◆ GOAL OF THE EXERCISE:
Where a line below holds the string "subscribe", copy that line.

(Beginning of DATASET EXCERPTS)

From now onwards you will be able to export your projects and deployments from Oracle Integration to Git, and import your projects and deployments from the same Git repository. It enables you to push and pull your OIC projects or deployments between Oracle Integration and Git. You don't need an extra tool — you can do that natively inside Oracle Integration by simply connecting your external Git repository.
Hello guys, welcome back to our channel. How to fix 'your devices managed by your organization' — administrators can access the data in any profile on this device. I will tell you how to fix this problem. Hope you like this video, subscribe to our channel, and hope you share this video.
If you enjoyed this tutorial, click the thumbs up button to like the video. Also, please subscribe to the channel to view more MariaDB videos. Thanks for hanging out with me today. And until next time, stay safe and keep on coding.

(End of DATASET EXCERPTS)
(Beginning of DATASET EXCERPTS)

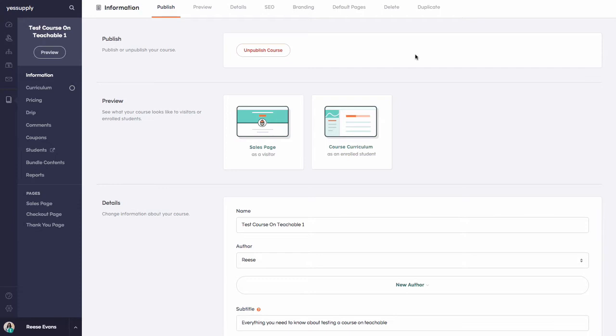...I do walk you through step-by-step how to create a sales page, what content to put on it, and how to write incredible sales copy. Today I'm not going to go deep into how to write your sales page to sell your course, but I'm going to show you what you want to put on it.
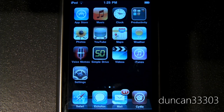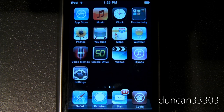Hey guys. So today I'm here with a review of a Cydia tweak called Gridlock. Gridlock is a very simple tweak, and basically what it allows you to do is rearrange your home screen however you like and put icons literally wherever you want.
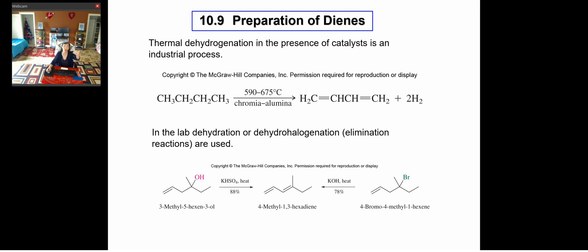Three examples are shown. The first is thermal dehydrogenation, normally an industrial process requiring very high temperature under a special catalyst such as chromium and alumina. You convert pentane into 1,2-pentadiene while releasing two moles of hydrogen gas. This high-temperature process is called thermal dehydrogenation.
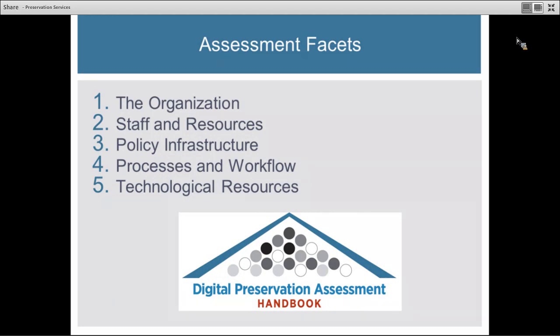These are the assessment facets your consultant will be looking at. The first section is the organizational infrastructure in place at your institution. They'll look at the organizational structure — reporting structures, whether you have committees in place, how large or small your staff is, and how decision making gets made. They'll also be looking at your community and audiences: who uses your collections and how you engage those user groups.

(End of DATASET EXCERPTS)

◆ ANSWER TO THE EXERCISE:
Hello guys, welcome back to our channel. How to fix 'your devices managed by your organization' — administrators can access the data in any profile on this device. I will tell you how to fix this problem. Hope you like this video, subscribe to our channel, and hope you share this video.
If you enjoyed this tutorial, click the thumbs up button to like the video. Also, please subscribe to the channel to view more MariaDB videos. Thanks for hanging out with me today. And until next time, stay safe and keep on coding.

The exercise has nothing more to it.